Top of Dataset content

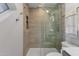 Updated shower features glass enclosure and neutral tile at 13636 N Hamilton Dr # 101, Fountain Hills, AZ 85268
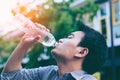 Handsome asian businessman drinking water ifrom a bottle Royalty Free Stock Photo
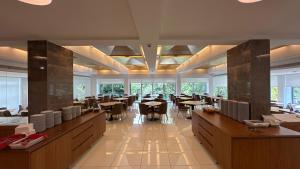a dining room with tables and chairs and windows at Hotel João Paulo II in Braga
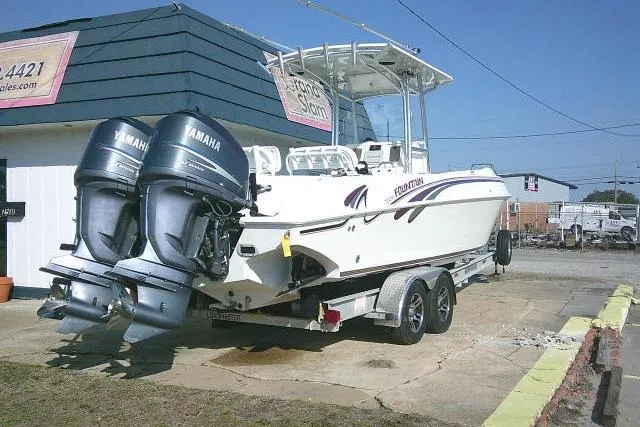 Slide: The Image of 1996 Fountain 31 Center Console boat with dual Yamaha engines on a trailer. - 11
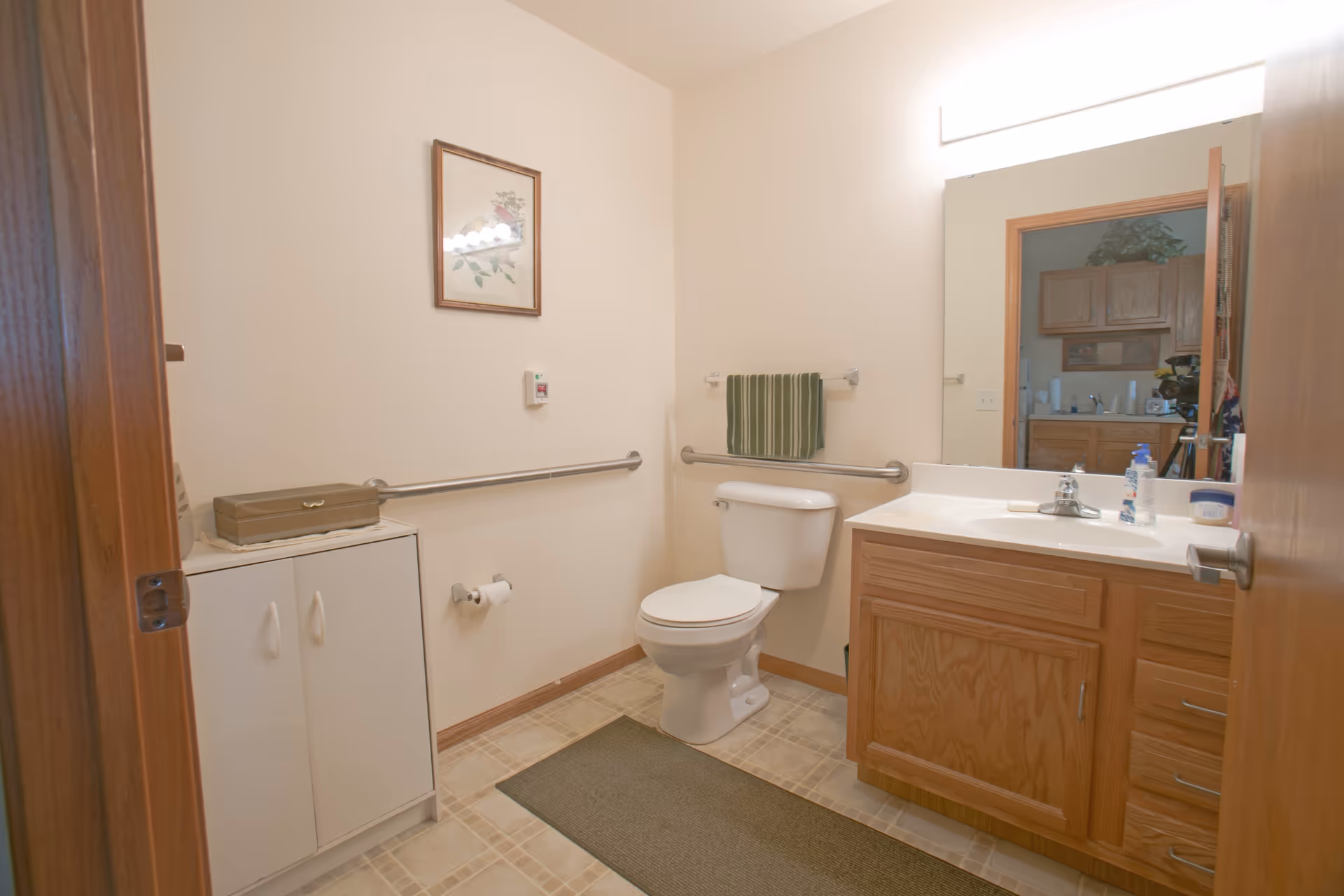 A clean bathroom with a white toilet, wooden vanity with a sink, a large mirror above the sink, a towel rack with a green striped towel, a small cabinet, and a framed floral picture on the wall. The floor has light-colored tiles and a green rug in front of the toilet.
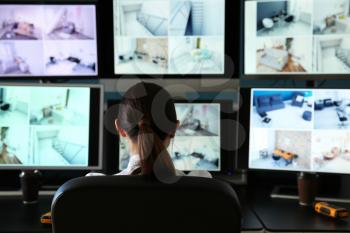 Security guard monitoring modern CCTV cameras in surveillance room�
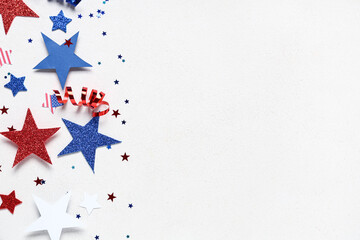 Paper stars with confetti in colors of USA flag for Independence Day on white grunge background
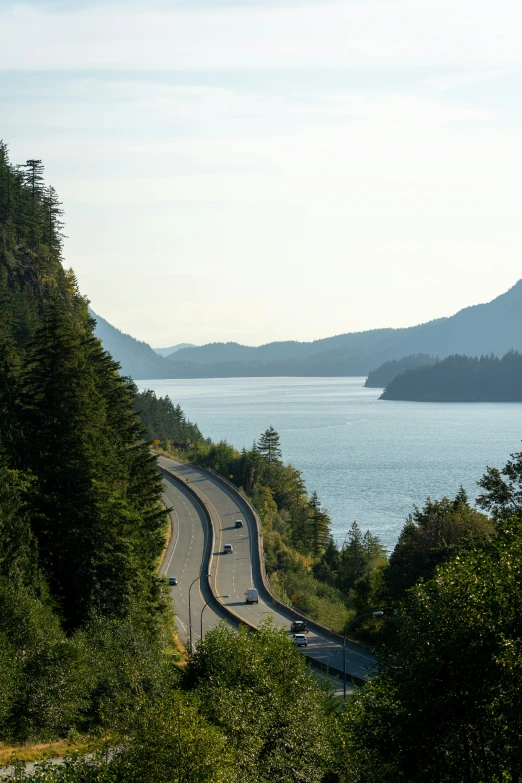 a view looking down on the scenic road in front of water and mountains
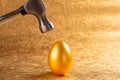 Hammer about to hit a gold egg Royalty Free Stock Photo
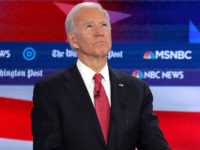 ATLANTA, GEORGIA - NOVEMBER 20: Former Vice President Joe Biden (L) listens as Sen. Bernie Sanders (I-VT) speaks during the Democratic Presidential Debate at Tyler Perry Studios November 20, 2019 in Atlanta, Georgia. Ten Democratic presidential hopefuls were chosen from the larger field of candidates to participate in the debate …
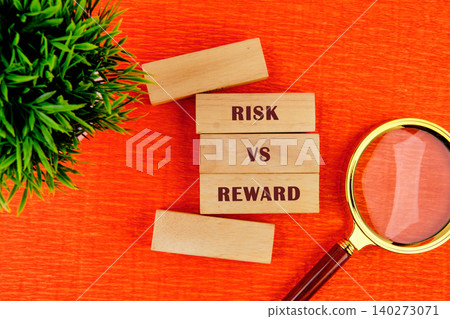 Wooden blocks spell out risk vs reward beside a magnifying glass and a small plant on a bright orange surface, inviting reflection on choices and outcomes Wooden blocks spell out risk vs reward beside a magnifying glass and a small plant on a bright orange surface, inviting reflection on choices and outcomes 140273071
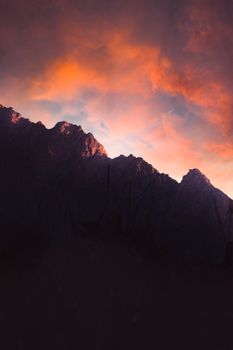 A breathtaking view of mountains silhouetted against a fiery sunset sky.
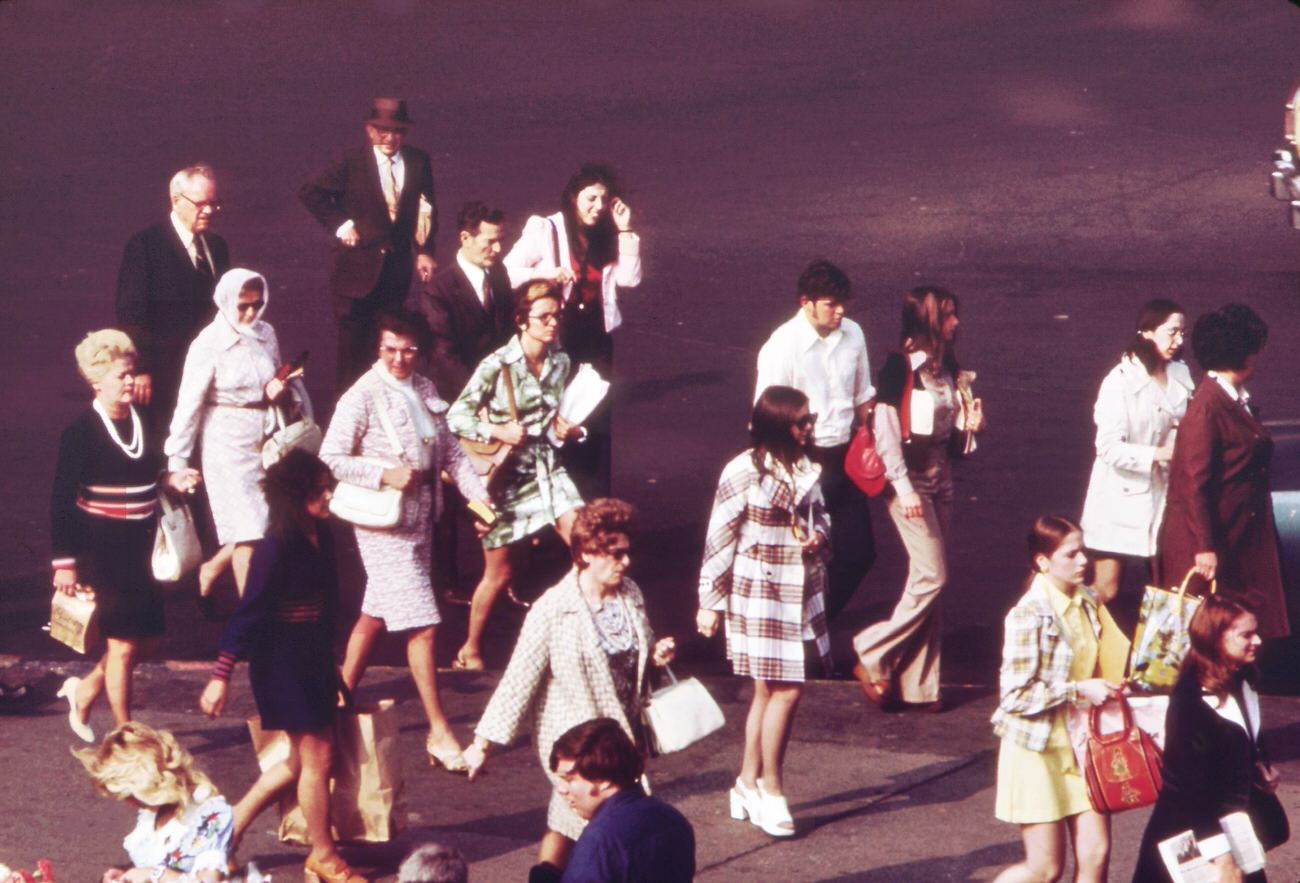 Commuters entering the terminal of the staten island ferry, 1970s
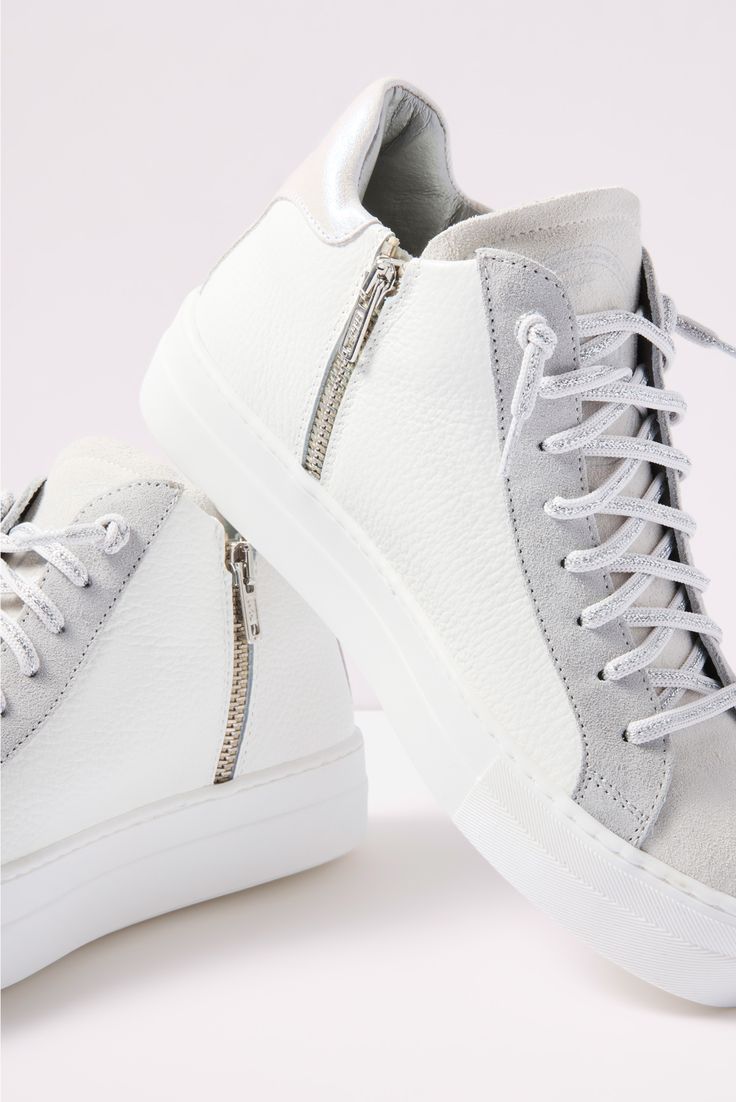 Step out in style with these high-top sneakers by P448, finished with an inside zipper closure, perforated logo detail, and iridescent heel tab for an eye-catching touch. Each pair of P448 sneakers is crafted to maximize comfort, while the unexpected color combinations, textures, and patterns add a unique flair. All P448 sneakers are designed and made in Italy. High-top Sneakers With Zipper For Streetwear, High-top Sneakers With Zipper Closure For Streetwear, Sporty High-top Sneakers With Zipper For Streetwear, Leather Sneakers With Zipper For Streetwear, Sporty Leather High-top Sneakers With Zipper, White High-top Sneakers With Zipper, Sporty High-top Sneakers With Zipper Closure, Sporty High-top Sneakers With Zipper, Modern High-top Sneakers With Perforations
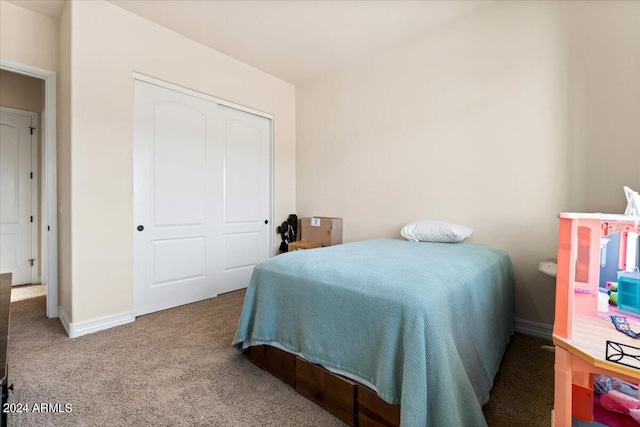 carpeted bedroom featuring a closet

Bottom of Dataset content

Take the lines from the start of the entries through the line containing "Hammer about to" and set them down exactly, leaving out every picture.

 Updated shower features glass enclosure and neutral tile at 13636 N Hamilton Dr # 101, Fountain Hills, AZ 85268
 Handsome asian businessman drinking water ifrom a bottle Royalty Free Stock Photo
a dining room with tables and chairs and windows at Hotel João Paulo II in Braga
 Slide: The Image of 1996 Fountain 31 Center Console boat with dual Yamaha engines on a trailer. - 11
 A clean bathroom with a white toilet, wooden vanity with a sink, a large mirror above the sink, a towel rack with a green striped towel, a small cabinet, and a framed floral picture on the wall. The floor has light-colored tiles and a green rug in front of the toilet.
 Security guard monitoring modern CCTV cameras in surveillance room�
 Paper stars with confetti in colors of USA flag for Independence Day on white grunge background
 a view looking down on the scenic road in front of water and mountains
 Hammer about to hit a gold egg Royalty Free Stock Photo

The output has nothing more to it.